# US Dealers



## Classic Bikes (Jun 14, 2010)

What US dealers have you done business with? Success Stories?? 

This has got to be one of the best looking bikes on the market today.


----------



## fabsroman (Jul 14, 2006)

Classic Bikes said:


> What US dealers have you done business with? Success Stories??
> 
> This has got to be one of the best looking bikes on the market today.

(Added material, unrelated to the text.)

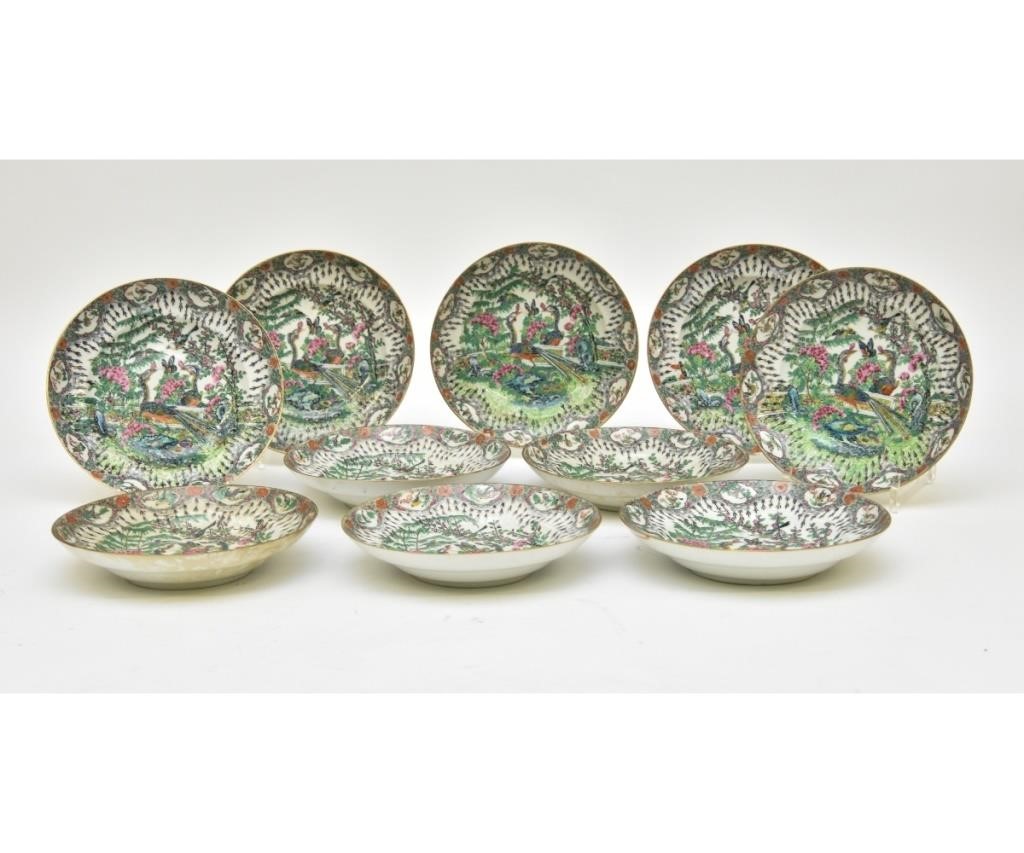 Appraisal: Set of ten Chinese porcelain deep plates early th c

I have yet to buy a Colnago from a US dealer, so I have nothing to add there. I will second the notion that the Saronni (i.e., PR82) paint scheme is awesome. It was an "exclusive" on the EPS for the 2010 model year, but it looks like it is standard issue on the EPS for the 2011 model year. It also appears that it will still be offered on the Master X-Light for 2011, which is what I plan to get during tax season so I can build it up right after I finish up with tax season.


----------



## Jbartmc (Sep 14, 2007)

Pista Palace in San DIego is great to work with, I am a repeat customer. Otherwise, I have purchased items from Wrench Science and RA Cycles and been happy.


----------



## saba (Jul 17, 2007)

This was a huge subject of debate. Please visit the colnago usa website and follow the link to their AUTHORIZED dealers. This will avoid the US vs overseas debate and keep you in compliance with your warranty

Bicycle Pro Shop in Georgetown and R&A are 2 shops I have dealt with and would recommend them to anyone


----------



## gun2head (Sep 3, 2006)

I bought all of my Colnagos from the Bicycle Emporium in Auburn California. Great service from a core of cyclist that have been riding for decades.


----------